A top-down view of a large bowl of chopped Greek salad with a smaller serving bowl nearby.

I love how easy this vegetarian salad is to throw together. Just a little chopping, a quick whisk of the dressing, and it’s ready to serve. The combination of juicy tomatoes, crunchy cucumbers, and sweet bell peppers makes every bite satisfying. And let’s not forget the briny kalamata olives and creamy feta—they add so much flavor!

This is one of those dishes that works for any occasion. A perfect side dish for BBQs or potlucks or serve it with grilled chicken and pita bread for complete meal. It’s refreshing, light, and always a hit at the table.

A serving of Greek salad in a small, stacked bowl, filled with chopped cucumbers, cherry tomatoes, red bell peppers, kalamata olives, red onion, crumbled feta, and mint.

If you love fresh salads like this Greek salad recipe, you might also enjoy my Greek Pasta Salad or Tomato Salad. Both are packed with bold flavors and easy to make!

Why you’ll love this recipe

  • A refreshing mix of crunchy vegetables and bold Mediterranean flavors.
  • The simple dressing enhances the ingredients without overpowering them.
  • It’s quick to prepare—just 15 minutes from start to finish.
  • Perfect as a side dish or a light meal.

Ingredient Notes

This section includes ingredient notes and substitution options. Get all measurements, ingredients, and instructions in the printable recipe card at the end of this post.
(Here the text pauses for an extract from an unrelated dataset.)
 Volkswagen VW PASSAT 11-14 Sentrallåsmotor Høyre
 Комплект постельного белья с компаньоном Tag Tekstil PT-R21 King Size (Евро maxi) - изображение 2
Greek salad ingredients labeled with text, including cherry tomatoes, red bell pepper, red onion, cucumber, kalamata olives, garlic, oregano, red wine vinegar, olive oil, feta, mint, and salt & pepper.
  • English Cucumber – Crunchy and mild, these “seedless cucumbers” adds the perfect texture. No need to peel or remove the seeds as then have thinner skin and fewer seeds than regular slicing cucumbers. Persian cucumbers make a good substitution.
  • Cherry Tomatoes – Sweet and juicy, they bring balance to the salad. If you can’t get your hands on any cherry tomatoes grape tomatoes can also be used.
  • Red Bell Pepper – A touch of sweetness and a pop of color. Orange, yellow, or green bell peppers can be used as instead if you prefer.
  • Red Onion – Adds flavor. Green onions can be used as a substitute.
  • Kalamata Olives – Salty, briny, and a perfect addition to the salad.
  • Feta Cheese – Creamy and slightly tangy, feta is essential for that authentic Greek taste. For best taste I recommend buying a block and chopping or crumbing it yourself.
  • Fresh Mint Leaves – A burst of brightness that makes the flavors pop. Don’t care for mint? Some fresh dill or parsley are great options as well.
  • Extra Virgin Olive Oil & Red Wine Vinegar – The classic base for Greek salad dressing, adding a tangy and rich flavor.
  • Garlic – A small amount of freshly minced or grated garlic adds flavor to the vinaigrette.
  • Oregano, Salt & Pepper – Keep the seasoning simple to let the fresh ingredients shine.

How to Make Greek Salad

This section shows you how to make the recipe with step-by-step photos and instructions. For the full printable recipe, see the recipe card below. 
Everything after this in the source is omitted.